WORK ORDER. Return only these lines: the one that contains "Het meisje met" and every line after it through the end of the listing, exactly, without pictures.

AVAILABLE DATA.
((

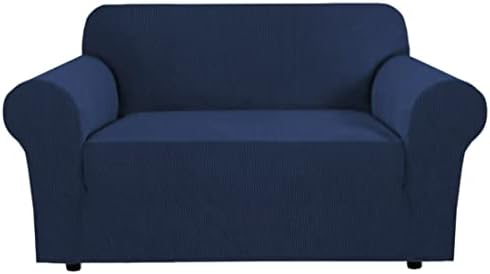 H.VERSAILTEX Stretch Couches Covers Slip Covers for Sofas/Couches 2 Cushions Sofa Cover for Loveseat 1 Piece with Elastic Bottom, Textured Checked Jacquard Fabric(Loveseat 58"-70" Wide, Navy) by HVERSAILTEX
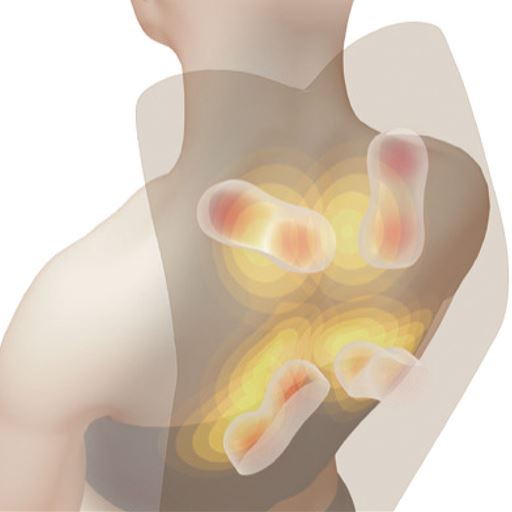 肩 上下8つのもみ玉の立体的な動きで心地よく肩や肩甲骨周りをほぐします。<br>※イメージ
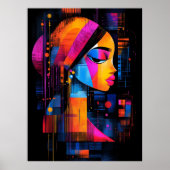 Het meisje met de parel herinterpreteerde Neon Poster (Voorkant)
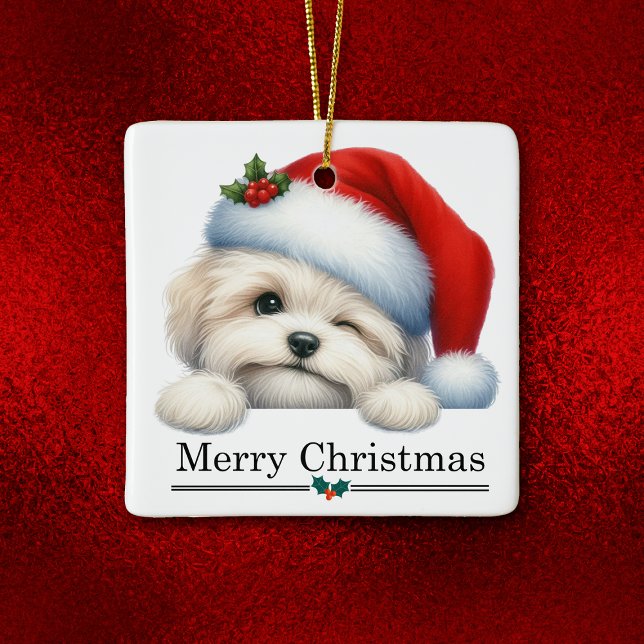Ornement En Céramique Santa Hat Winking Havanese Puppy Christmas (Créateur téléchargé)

))

WRITTEN SOLUTION.
 Het meisje met de parel herinterpreteerde Neon Poster (Voorkant)
Ornement En Céramique Santa Hat Winking Havanese Puppy Christmas (Créateur téléchargé)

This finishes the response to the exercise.